V Chakaravathy, who was the principal of a school in Setapak before his retirement in 1995, said his own experience had shown otherwise.
Chakaravathy alleged that there had been a general decline in the quality of teaching since then and this had been detrimental to all students regardless of race and residence.
He speculated that the false impression regarding rural students could have come about because they, unlike many students in urban areas, generally did not have the advantage of tuition outside school hours.
Urban parents who could afford it would send their children for extra tuition because the lack of dedication among school teachers had forced them to do so, he added.
“I do not subscribe to the notion that rural Malay children cannot make it big. It’s up to the teachers. They must be dedicated and have the passion to teach.”
He claimed that such dedication and passion were more evident among teachers of his generation.
It was 54 years ago when he first began teaching in a Malay-medium secondary school in a rural area. He taught mathematics and most of his students scored As in the subject in their examinations, he said.
He achieved a similar kind of success when he taught at the Royal Military College in Sungai Besi from 1970 to 1978, he added.
But Chakaravathy, now 79 years old, seemed proudest about his achievement at the school in Setapak, which he said was notorious for gangsterism at the time he began serving there.

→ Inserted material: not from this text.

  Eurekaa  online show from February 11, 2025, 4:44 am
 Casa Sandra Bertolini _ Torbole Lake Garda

Besides carrying out his duties as principal of the school, including instilling discipline, he also taught mathematics.
During his tenure there, the school was once the best performing in Kuala Lumpur in the Form 6 examination.

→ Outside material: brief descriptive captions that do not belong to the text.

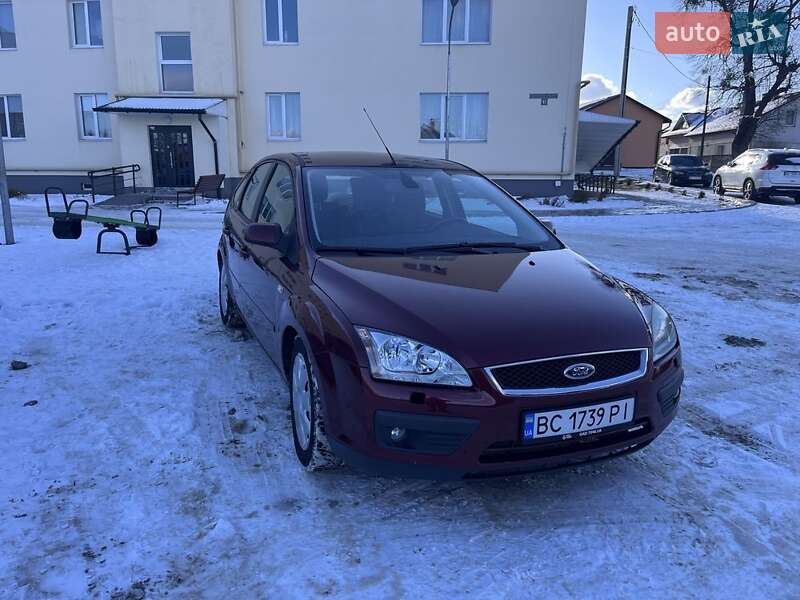 Хетчбек Ford Focus 2005 в Золочеві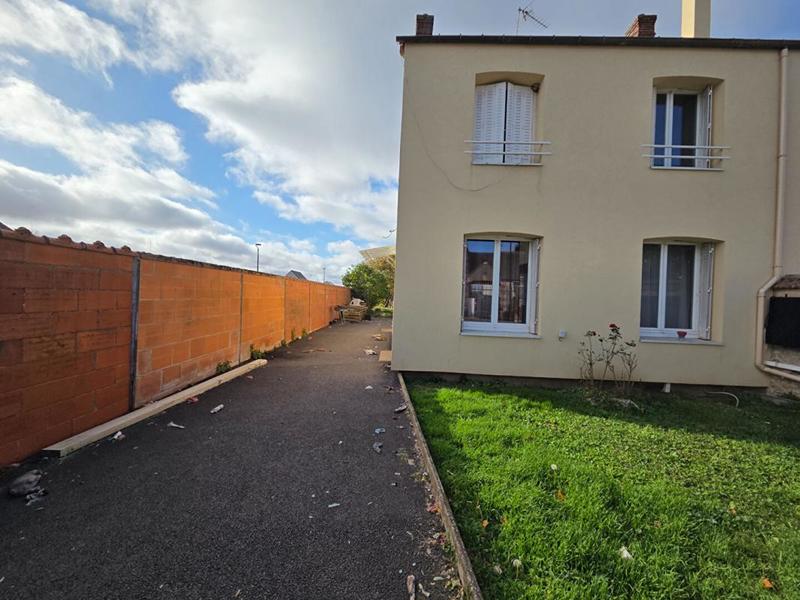 Maison - 107 m² - 4 pièces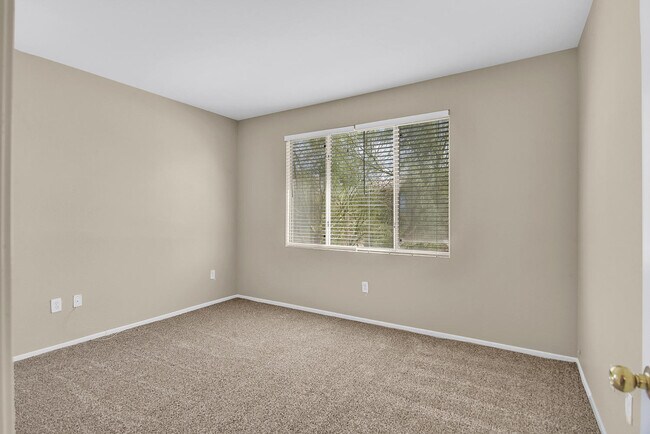 Building Photo - 2900 Sunridge Heights Pkwy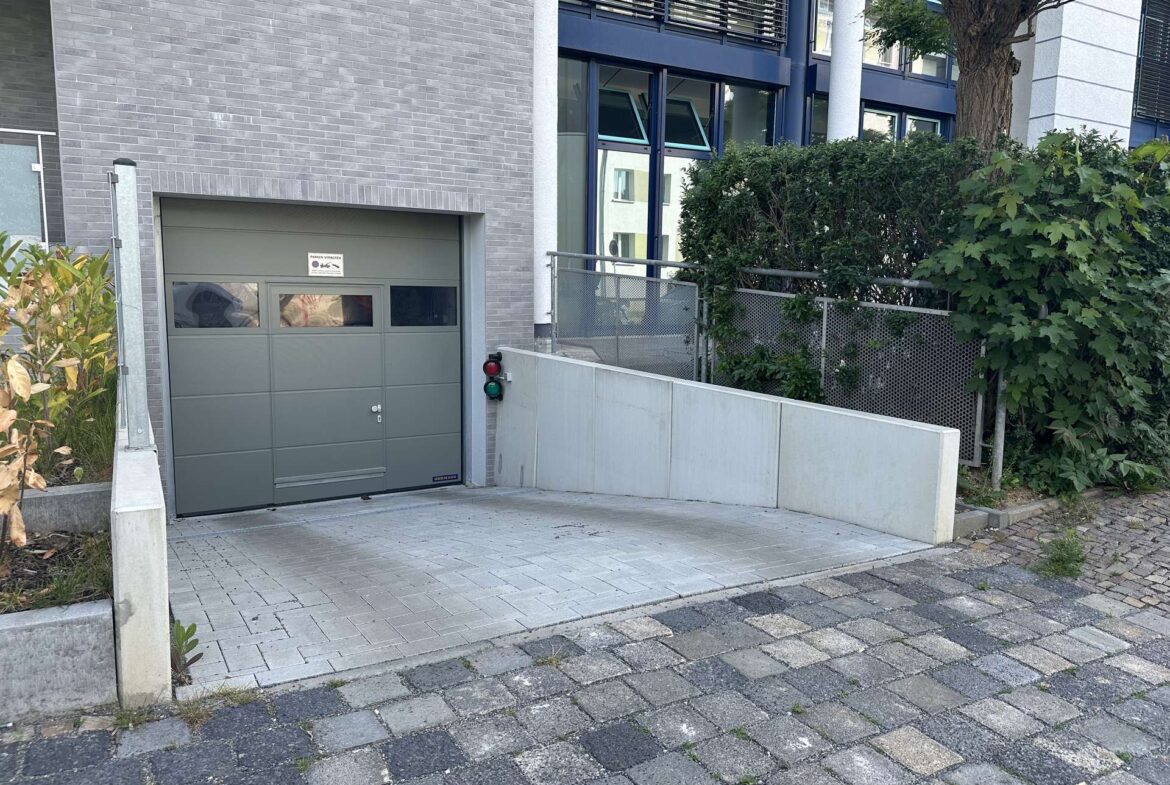 Tiefgarageneinfahrt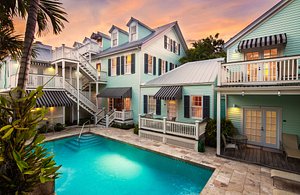 Marquesa Hotel in Key West, image may contain: Hotel, Villa, Resort, Neighborhood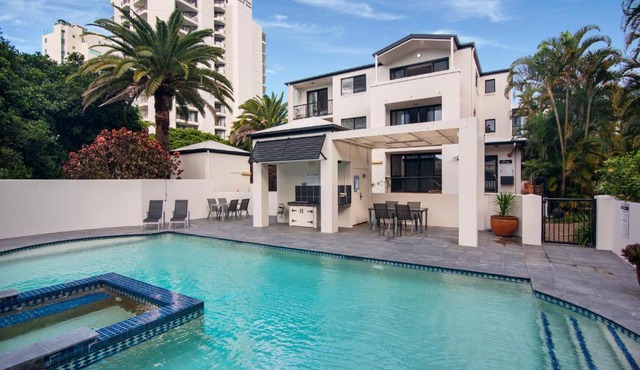 Lovely 3 bedroom Spacious Unit, Labrador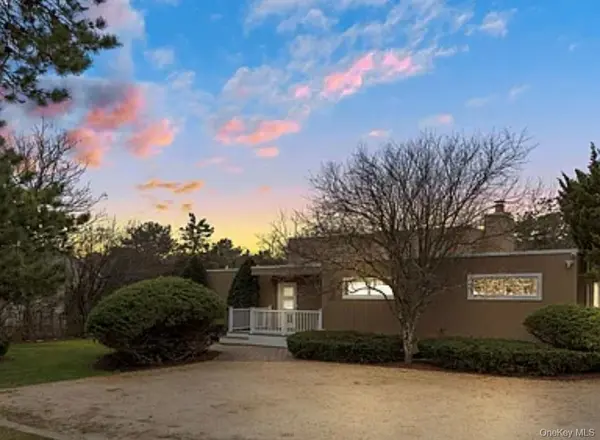 32 Lewis RD, East Quogue, NY 11942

He said he started noticing a decline in the quality of teaching in the 90s. He alleged that teachers began to lose their commitment to the job because the system did not reward excellence and instead gave recognition only to those teachers who had connections with the higher-ups.
He said the lack of passion for the job had persisted and today’s teachers would teach only from textbooks and ignore their role as “creators of a knowledgeable generation”.
The nation would eventually suffer if the trend continued, he added.